This article was first published in ICF Coaching World, Issue 21. If you’d like to read it there, or access the incredible resources in the publication, you can access it here (it may take awhile to download).
You can read just my article below:
Many, many moons ago (18 years, in fact), when I attended my first coach training program, we were asked at the end of each training session, “What’s your key takeaway from this session?” That also became the last thing we asked a client in a coaching session.
Five years or so later, an event occurred that shook me out of my habit. In response to the question, my client said something like,
“Well it was a really great conversation and I’m taking away x, y and z. I didn’t get the thing answered I really wanted from this session, but the other stuff we talked about was great.”
I remember hanging up the phone and thinking, “Oh no! What happened?! What did the client want to talk about that I missed? I’ve failed him as a coach!”
From that day on, I more specifically clarified what the client wanted to have by the end of our coaching session, and I’d check in during the session to see if we were heading toward their desired outcome.
I offer you one of the most powerful coaching tools we have, the “check-in.”
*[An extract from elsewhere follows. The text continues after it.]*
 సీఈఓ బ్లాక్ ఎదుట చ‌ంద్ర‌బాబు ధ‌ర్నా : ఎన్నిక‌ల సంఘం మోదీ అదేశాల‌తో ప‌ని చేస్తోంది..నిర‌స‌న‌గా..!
Where does the client want to end up?
In order to check in and find out how the coaching session is progressing for the client, we first need to know their desired destination. I’m a big advocate for using ICF’s PCC Markers as coaching skills to master, so that I can increase my effectiveness as an Executive Coach, a trainer of coaches, a Mentor Coach, and as an Assessor for ICF credentialing.
The first marker for Creating the Coaching Agreement is,
“Coach helps the client identify, or reconfirm, what s/he wants to accomplish in the session.”
This means we need to know more than the topic the client wants to talk about; we need to understand what it is about that topic the client wants to explore in order to move forward in their desired direction.
Let’s say your client comes to the coaching session saying, “I’ve just found out that two of my peers are being paid more than I am, and we’re doing the same work. I’ve also trained these two peers when they came to the company, so this feels like a slap in the face. I want to know from our manager why I’m being paid less.”
The client has let you know their topic, yet what do they want to move forward (accomplish) around this topic in this session? It could be to prepare for a conversation with their manager, or how to deal with their emotions first so they are able to speak coherently to their manager. Or it could be something else.
Perhaps your client learned this information right before the coaching session and says they want to work through their feelings about the situation first, and then to prepare to have a conversation with their manager. Now you can ensure your coaching stays focused on these two areas— working through their emotions, and preparing for the conversation.
Check if coaching direction is serving the client toward their outcome
The fifth marker in Coaching Session Agreement is,
“Coach continues conversation in direction of client’s desired outcome unless client indicates otherwise.”
This is your first way of checking in with the client to ensure that you are meeting their needs.
Here are examples of questions to ask to check in:
“Where do you want to start exploring your topics?”
“It seems you are bringing up a different topic. Or do you see this related to your other topics?”
Make a point of checking in somewhere around halfway into your coaching session (or more often if you are doing 60-–90-minute sessions).
Examples of checking in using the client’s language (which is essential for MCC skill level mastery):
“Can I check where you are now in regard to your emotions versus where you started our session?”
“It seems you have some really great ideas for how to approach your manager so far in our session. How would you describe where you are now?”
Checking in allows the client to reflect, and consider….
Don’t wait until the very end of the session for your first check-in with your client, because a check-in almost always has the client share one or two things:
- The client reflects on what they’ve become aware of as a result of the coaching conversation.
- The client starts coming up with actions.
You want to allow time for the client to explore their emerging awareness, or to talk about their actions. This part of the coaching conversation is just as important as the exploring and discovery conversation, so don’t shortchange the client by allowing no time for them to explore their awareness, and/or actions.
Checking in during a coaching conversation is a very powerful tool that allows you to get a gauge on whether the conversation is still serving the client, if the client wants to shift the direction of the conversation, or if they are ready to reflect on what they’ve discovered so far and talk about actions.